Однажды нам несказанно повезло: в развалинах одного из домов нашли головку сахара. Расстелив на земле фартук, бабушка расколола его на мелкие кусочки, и один дала мне. Какое же это было счастье! Потом она выделяла нам всем по кусочку в день.
Спасало нас от крайнего истощения и то, что, бывая за пределами лагеря, мы с бабушкой находили щавель, крапиву и другие съедобные травы, которые она знала, а также яблоки. Все это при большой осторожности проносили в барак. Запомнилось, как однажды нам повезло найти, нарвать свекольной ботвы и также пронести ее в барак. В общем, бабушкино присутствие стало для нас спасением в условиях сурового лагерного режима, где расстреливали за малейшую провинность, а голод был нормой.

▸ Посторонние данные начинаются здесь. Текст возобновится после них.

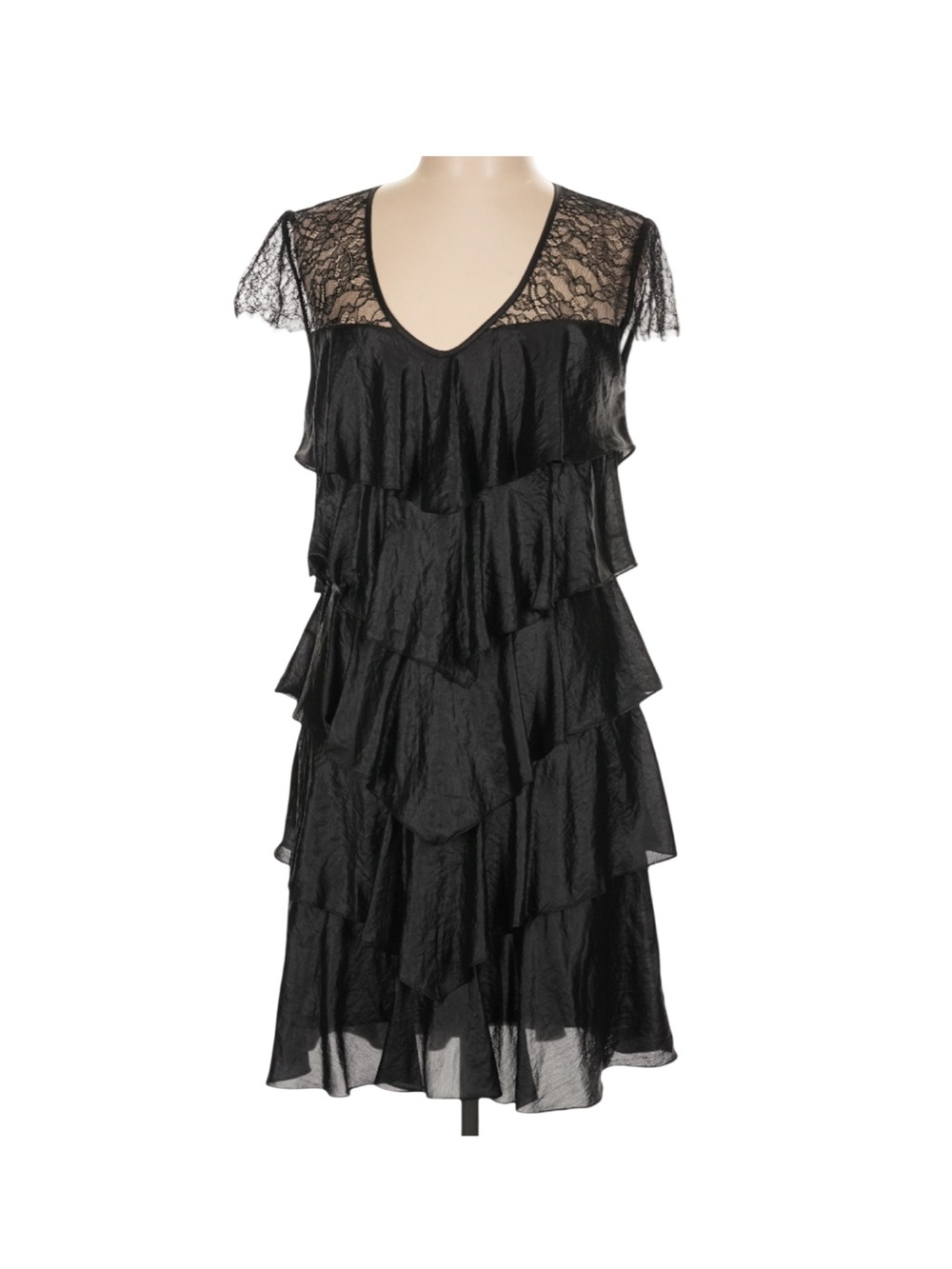 BCBGMaxAzria Black Lace Tiered Ruffle Mini Dress S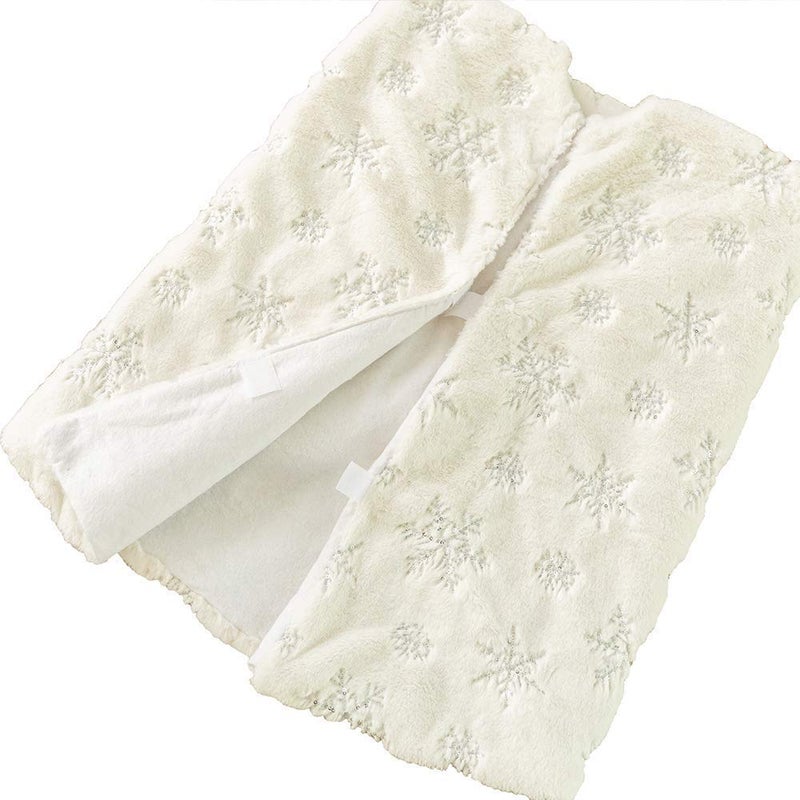 Amidaky Christmas Tree Skirt 30 inches White Faux Fur Silver Snowflake Sequin Embroidered Luxury Tree Skirt Xmas Decoration - Image 3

Так мы жили в неволе на чужой земле, пока нас не освободила Красная армия. Не передать той радости, которую испытали все узники при виде наших бойцов. Я же тогда впервые увидел улыбку на лицах своих родных — до этой поры мне, ребенку, казалось, что они просто не умеют улыбаться…»
На этом запись в тетради, сделанная рукой Виктора Семеновича Косова, заканчивается. Рассказ об истории семьи мужа продолжит Валентина Прокофьевна.
«После освобождения мои будущие свекровь, муж и его тетя приехали в Жарки, где их никто не ждал. Переживали голодное время вместе со всеми. Многие тогда были вынуждены ездить на заработки в Прибалтику. Отправилась туда и Александра Васильевна. Работу нашла на хуторе неподалеку от Резекне — ухаживала за хозяйскими коровами, молоко от них носила продавать на базар за восемь километров от хозяйского дома.
Подсобрав деньжат, вернулась в Жарки и купила здесь маленькую хатенку из шпал, куда перебрались тетя с бабушкой и маленьким Витей, а сама вновь отправилась в Латвию в добровольное рабство.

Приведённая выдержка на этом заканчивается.